Nesse panorama, a patrística abarcou u m variado número de pensadores, teólogos, padres e escritores. Em seu início, figuravam os chamados padres apostólicos, que receberam esse nome pela sua importância religiosa na elaboração da doutrina cristã e pela proximidade cronológica que tiveram com os discípulos diretos dos primeiros apóstolos. Outro grupo, chamado de apologista, realizou uma defesa racional do cristianismo contra a religião pagã.
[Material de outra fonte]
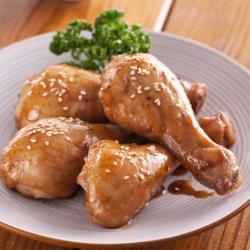 ◎【奕品】秘製十三香棒棒腿900g±10%|◎|◎品牌:熊媽媽買菜網類型:雞肉種類:雞腿食用方式:烹調再食用內容量(g/份):900g±10%肉品組成:原塊組合說明:1份配送方式:冷凍產地:台灣保存期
A defesa feita pelos padres apologistas tinha uma dupla tarefa: defender o cristianismo dos ensinamentos e práticas do paganismo e contra a intolerância religiosa do Estado romano. Essa intolerância estava relacionada ao pouco controle que a nova seita – em expansão – permitia por parte dos centros de poder. A situação, aliás, perdurou por pelo menos três séculos antes de o cristianismo ser oficializado (Gilson, A filosofia na Idade Média, 2002).”

 

 

3.2.1 A teoria do conhecimento

Assim como Platão, que buscou na filosofia a solução para o problema da vida, a filosofia de Agostinho possui um forte acento teleológico, de cunho teísta e espiritual, algo que falta no platonismo. Para Agostinho, o cristianismo, como religião e filosofia de vida, consegue dar uma resposta integral ao problema da vida, pois o conhecimento de Deus, da alma e do mundo espiritual oferece um caminho seguro para o homem. Para ele, a salvação que vem pela palavra de Cristo e pela prática de seus ensinamentos supera a iluminação da alma em Platão. Desse modo, a humanidade ganha status de transcendência definitiva no modo como Agostinho interpreta o sentido do pecado e da ressurreição da carne inaugurada por Cristo (Agostinho, Confissões, 2000).

No entanto, podemos afirmar que, como bispo de Hipona, Agostinho rompeu com a postura cética de perpétua suspeição diante do mundo, numa clara concordância com Platão sobre a possibilidade e o progresso do conhecimento das realidades mais profundas: o uno, o belo, o bem, as ideias e as almas. Contudo, ele o faz agora num sentido cristianizado, identificando nessas realidades, de alguma forma, a figura da Santíssima Trindade e das virtudes cristãs. Deus é o uno eterno que congrega em si e a partir de si todas as coisas, todas as formas e essências, a unidade, a beleza e a bondade. O homem, como possui em si a centelha divina, pode, com o auxílio da graça de Deus, conhecer esses mistérios.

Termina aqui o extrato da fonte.